Non solo: stando ad alcuni reiterati annunci, il Governo si appresta ad aumentare il deficit, forse anche oltre i parametri europei (è il caso di ricordare che il Trattato di Maastricht, che pone il limite del 3% al deficit annuo, è stato firmato volontariamente anche dall’Italia). Questa scelta è palesemente in contrasto con il “contratto di Governo”, sottoscritto dai due partiti di maggioranza (Lega e M5S), che prevede – oltre alla riduzione delle tasse – anche la diminuzione del debito. Se il disavanzo annuo aumenta, è alquanto difficile che il debito complessivo cali.

Il Presidente della Repubblica Sergio Mattarella ha dichiarato pubblicamente che non firmerà una legge di bilancio che metta a repentaglio la stabilità finanziaria del Paese. Anche in questo caso si tratta di una legittima prerogativa del Capo dello Stato, che ha il compito di rispettare e far rispettare la Costituzione. È il caso di rammentare quanto stabilito all’art. 97: “Le pubbliche amministrazioni, in coerenza con l’ordinamento dell’Unione europea, assicurano l’equilibrio dei bilanci e la sostenibilità del debito pubblico”. A quanto pare in Italia periodicamente riemerge il rischio che la Costituzione venga considerata un optional: da rispettare soltanto quando conviene.

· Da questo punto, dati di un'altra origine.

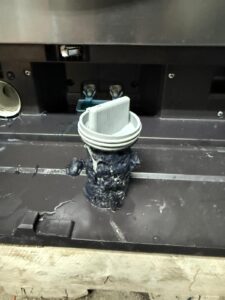 Drain filter housing with debris buildup inside a dishwasher base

Purtroppo, le promesse elettorali e programmatiche di chi va al Governo spesso non corrispondono alla realtà. Alcide De Gasperi, il grande statista del dopoguerra, ai politici diceva: “cercate di promettere un po’ meno di quello che pensate di realizzare se vinceste le elezioni”. Evidentemente il suo suggerimento è stato dimenticato. Ma non è soltanto un problema della classe politica. È il caso di ricordare un altro monito, che riguarda gli elettori. Come scriveva Berbard Baruch: «Vota per quello che promette di meno, sarà quello che ti deluderà di meno». Anche questo consiglio non è stato ascoltato.